Eine francophile Schülerschaft fährt Jahr für Jahr zum Austausch, parliert ungezwungen französisch und goutiert die französische Küche. Mittlerweile besuchen mehr Mädchen als Jungen diese Schule, denn auch Heine hat schon erkannt: "Die Weiber in Schwaben scheinen überhaupt mehr Energie zu besitzen als ihre Männer."

Durch den schuleigenen Lektürekanon, durch Rezitationen bekannter Künstler, durch Ausstellungen wird den Schülern und ihren Eltern immer wieder Heine präsentiert.

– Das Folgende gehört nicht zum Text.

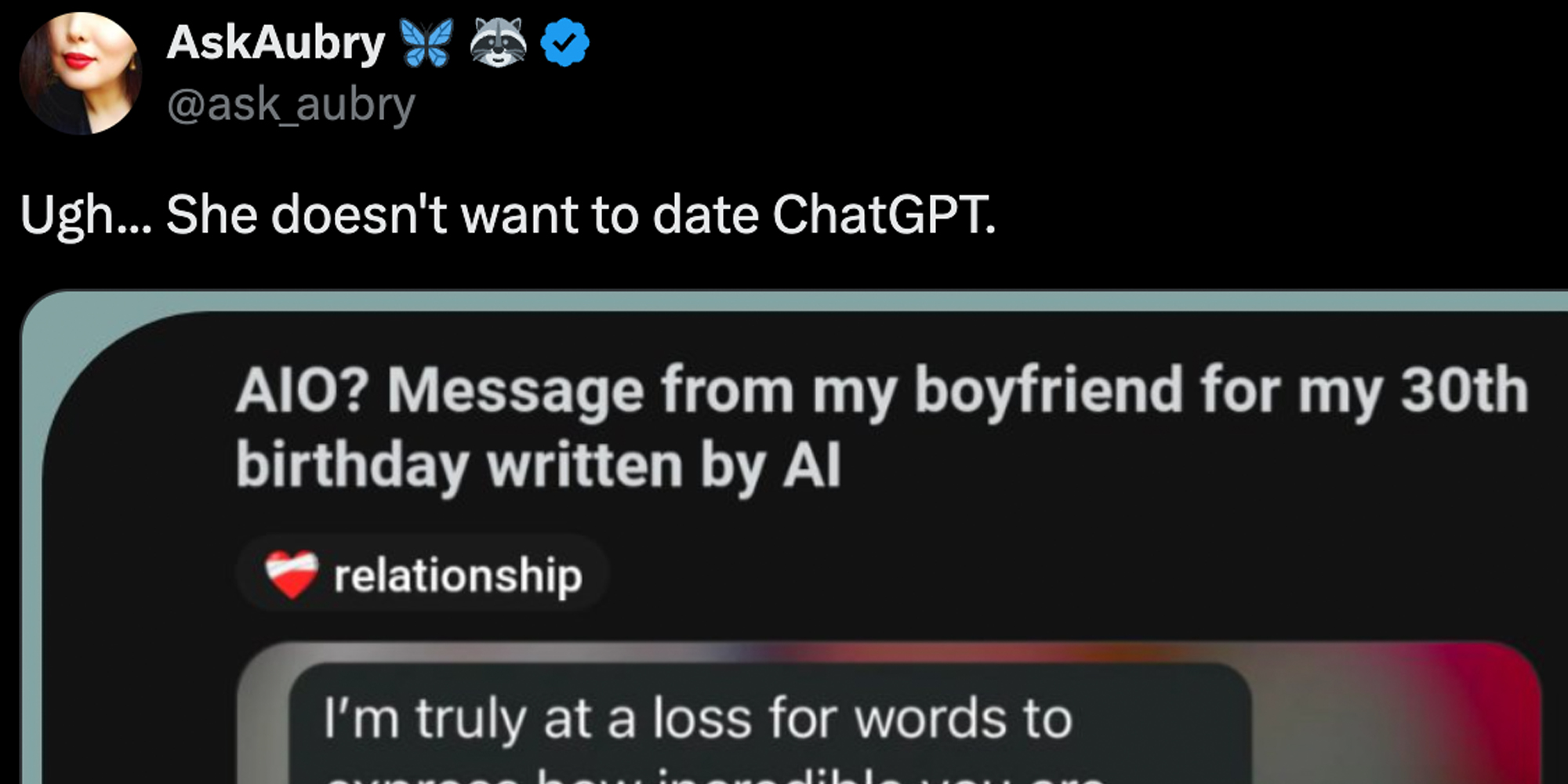 Tweet that says "ugh... she doesn't want to date chatgpt" with retweet "aio? message from my boyfriend for my 30th birthday written by ai" and post "i'm truly at a loss for a words to"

Ein "Abbild" von Heines "Gesicht" ziert das Foyer, eine überdimensionale Skulptur den Pausenhof. Sogar sportliche Siege werden mit Heines Emblem errungen:


Heinrich-Heines-Hallen-Handball!


An dieser Schule gibt es zwar AHA-Erlebnisse, aber das H-H-Erlebnis dominiert. Somit bleibt zu hoffen, Heine könnte beim Anblick des Heinrich-Heine-Gymnasiums in Ostfildern versöhnt lächelnd sagen:
"Oh, diese schwäbische Schule macht mir so viel Freude!"